Bir evin, taşıtın ya da benzeri bir mülkün resmi sahibi olan kişi tarafından bir süre için ya da belli bir miktar ya da oran karşılığı olarak başka birinin kullanımına verilmesi kira olarak tanımlanır. Belirtilen oranı ya da bedeli ödeyen kişi kiracı, ödediği kişi ise mülk sahibidir. Kiralar, mülk sahibi ile kiracı arasında önceden belirlenen tutarlarda ya da oranlarda olur. Ancak bazı durumlarda bu rakamlar mahkemeler tarafından ya da avukatlar aracılığı ile belirlenmek durumunda kalabilir.

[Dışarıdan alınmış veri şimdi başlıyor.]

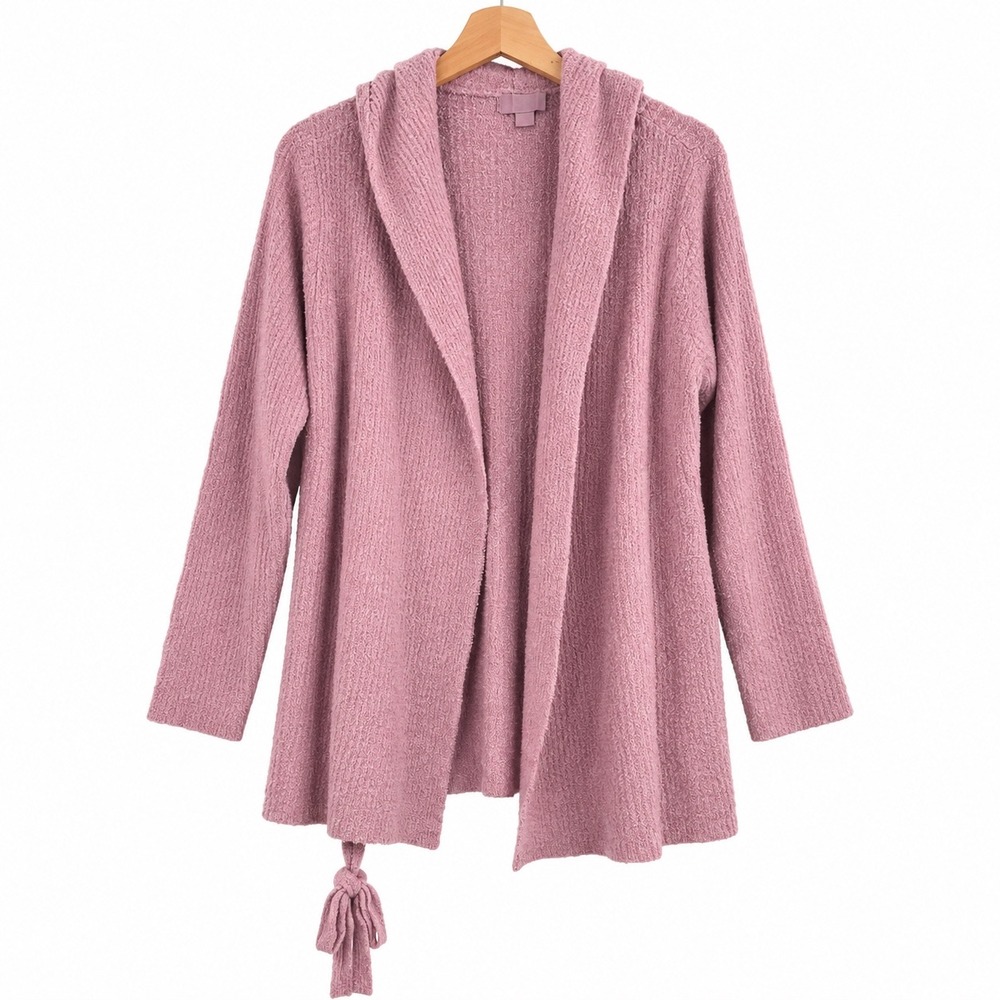 Barefoot Dreams CozyChic Lite Hooded Cardigan Pink QVWCL1391 Small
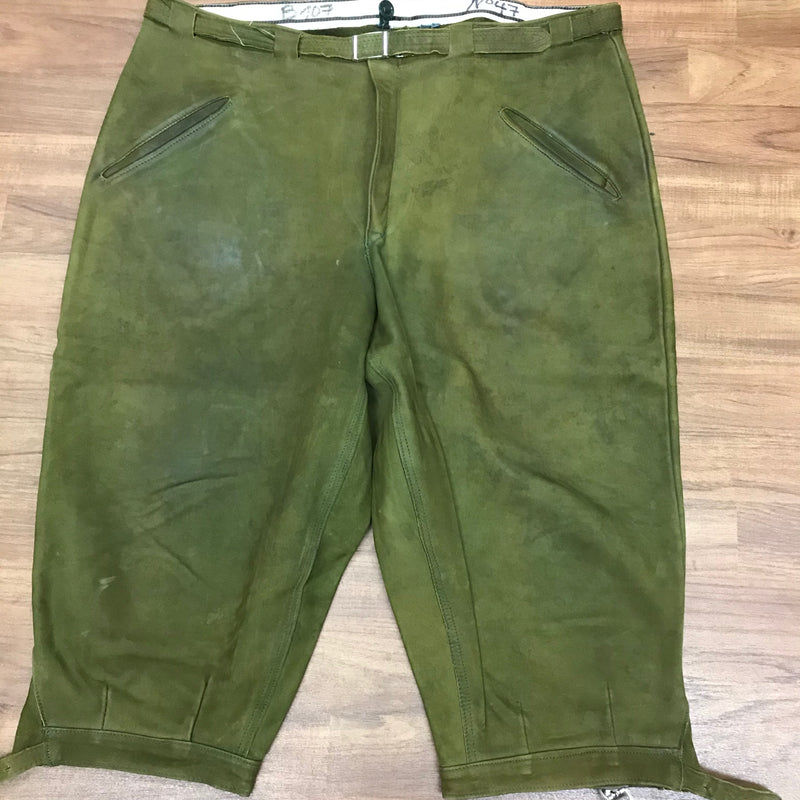 „Vintage Lederhose Herren grün Kniebund Trachtenhose Echtleder klassisch“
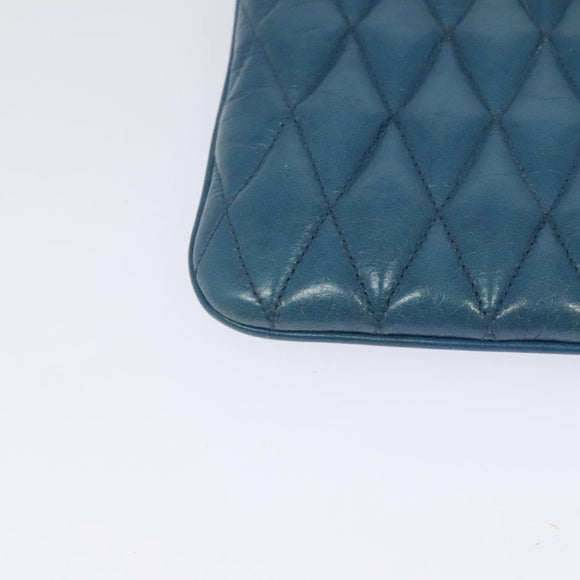 Miu Miu Shoulder Bag Leather Blue Gold Auth 130936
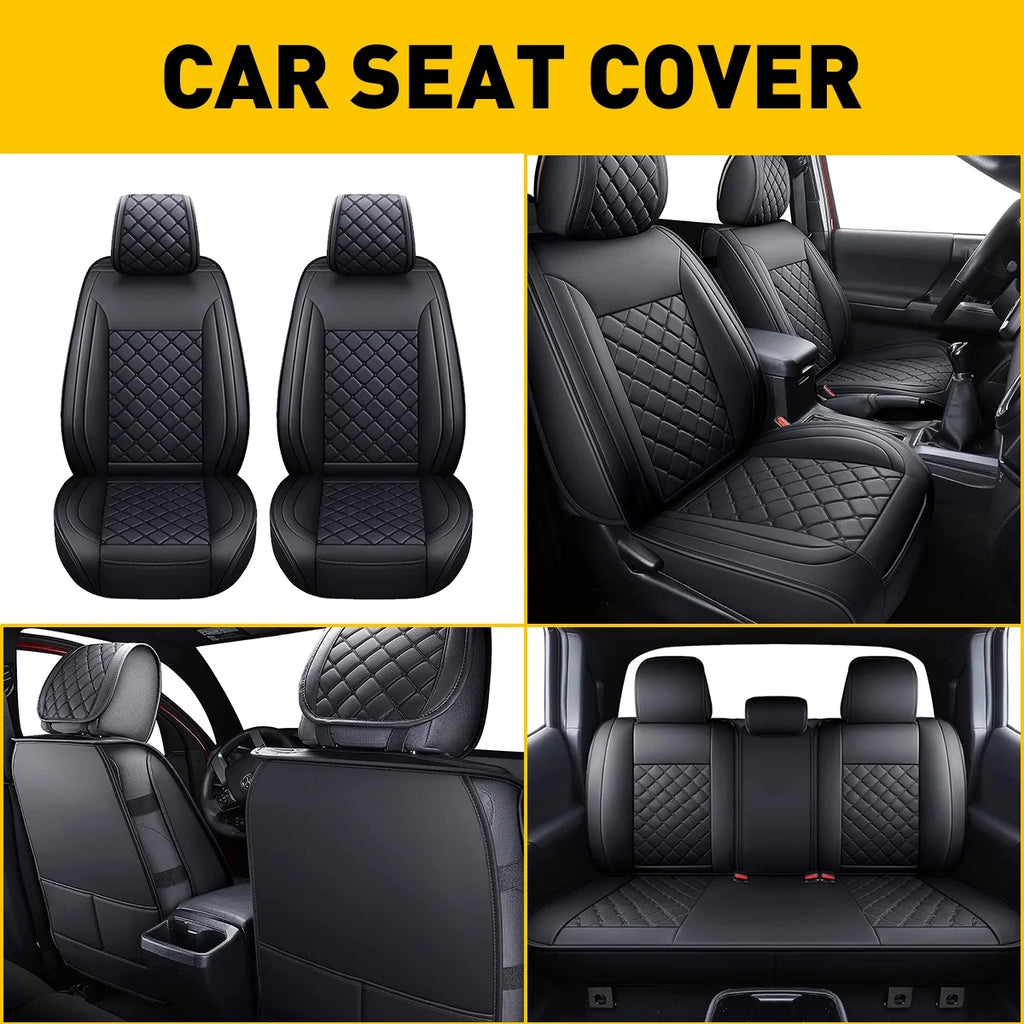 Waterproof Leather Car Seat Covers Full Set for Toyota Tacoma Crew Cab V817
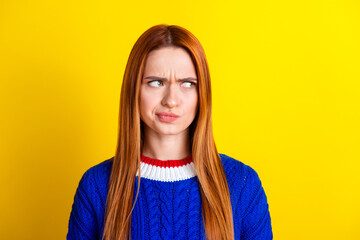 Photo portrait of pretty young girl look depressed sad empty space wear trendy blue knitwear outfit...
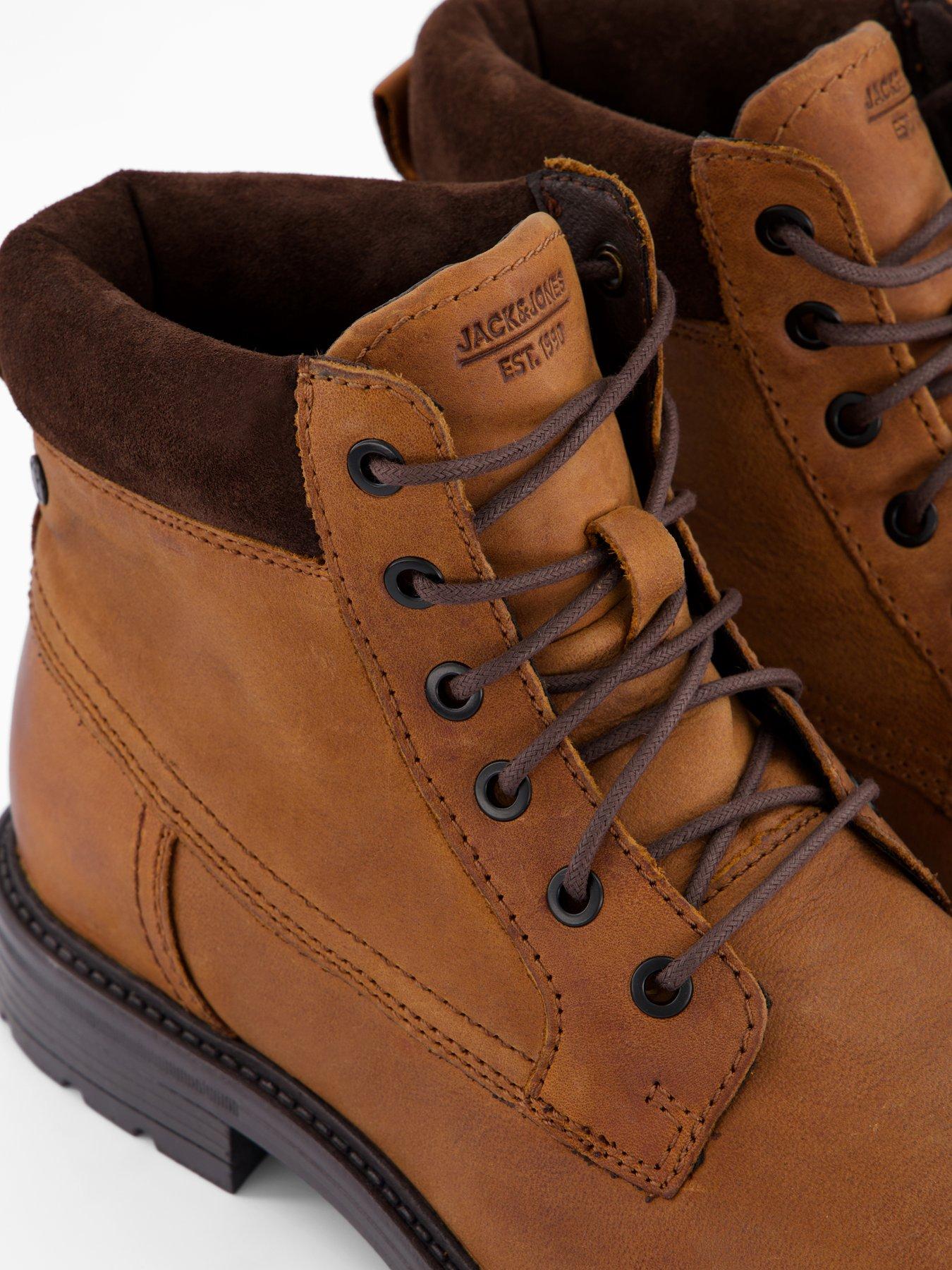 Image 5 of 7 of Jack & Jones Cranfiled Lace Leather Boots - Brown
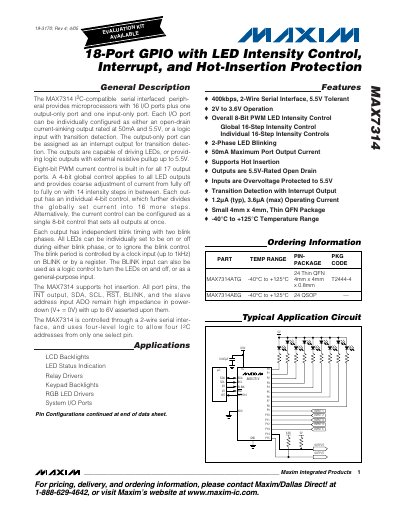 Maxim Integrated MAX7314 18-Port GPIO LED Intensity Control & Interrupt Datasheet - cover page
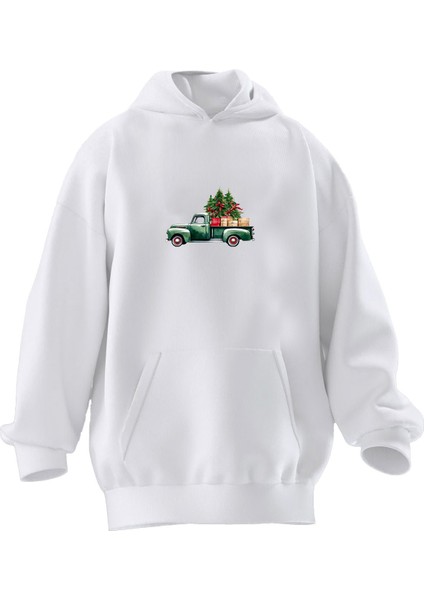Unisex Premium Pamuk Beyaz Çam Kamyonet Baskılı 3 Iplik Kapüşonlu Sweatshirt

Kira Tespit Davası adı verilen dava, beş yılı doldurmuş olan iş yeri ya da ev kiralarına dair artış oranlarında kiracı ve mülk sahibi olan kişilerin ve tarafların tutarlarda anlaşamaması durumlarında bu tutarların mahkemeler tarafından belirlenmesi için talep üzerine açılmış olan davalardır. Eğer kira tespit davası açılacaksa, kira bedeli iki taraf arasında konuşulduğu halde netleştirilememiş demektir. İki taraf arasındaki anlaşmazlık nedeni le talep üzerine dava açılır ve mahkemenin belirlediği oranlar ya da tutarlar kabul edilir.
Mahkeme tarafından kira miktarının ya da oranının belirleneceği davaların açılabilmesi için bazı şartlar vardır. Öncelikle iki taraf arasındaki anlaşmazlık netleşmiş olmalıdır. Ayrıca her zaman anlaşılamayan sürenin beş yıl olması gerekmeyebilir. Belirlenen kira tespit davası açabilmek için en gerekli iki şart şunlardır:
Bir kira tespit davasının açılabilmesi için bazı durumların netleşmiş olması gerekir. Örnek olarak kiranın belirlenen yasal sınırın üzerinde arttırılmış olması önemlidir. Eğer kira artışı yasal sınırın üzerinde bir oranda yapılmışsa dava açılabilir. Taraflar kira artışındaki oranda anlaşamazsa kira tespit davası talebi yapılabilir. Beş yıldır devam eden kira sözleşmelerindeki bedel tespitlerinde sorun yaşanması da kira tespit davası açılabilen durumlar arasındadır. Kira artış oranları emsal taşınmaz kiraları, taşınmazın durumu ya da TÜFE (Tüketici Fiyat Endeksi) artış oranı değerlendirilerek belirlenmelidir.
Her kira tespit davası talebi için sözleşmenin süresinin beş yıl olması gibi bir zorunluluk bulunmaz. Eğer kira sözleşmesindeki artış oranı konusunda iki taraf arasında bir anlaşmazlık olduysa kira tespit davası açılabilir. Önemli olan mahkemenin dava sonucunda yeni kira oranını ya da tutarını tespit etmesidir. Mahkemenin amacı kiranın üzerinde anlaşma sağlanamayan oranı ya da tutarı olduğu için kira sözleşmesinin süresi baz alınmaz.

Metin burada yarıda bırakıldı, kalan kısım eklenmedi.